# What needs to be done
Set the entries down once more, exactly as they are worded.

Web page caption snippets

[Start of Attachment]

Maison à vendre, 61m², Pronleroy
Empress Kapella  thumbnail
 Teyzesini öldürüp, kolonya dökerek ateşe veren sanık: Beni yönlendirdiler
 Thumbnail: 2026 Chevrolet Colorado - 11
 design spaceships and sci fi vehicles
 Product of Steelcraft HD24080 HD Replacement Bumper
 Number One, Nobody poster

[End of Attachment]

# Task answer
Maison à vendre, 61m², Pronleroy
Empress Kapella  thumbnail
 Teyzesini öldürüp, kolonya dökerek ateşe veren sanık: Beni yönlendirdiler
 Thumbnail: 2026 Chevrolet Colorado - 11
 design spaceships and sci fi vehicles
 Product of Steelcraft HD24080 HD Replacement Bumper
 Number One, Nobody poster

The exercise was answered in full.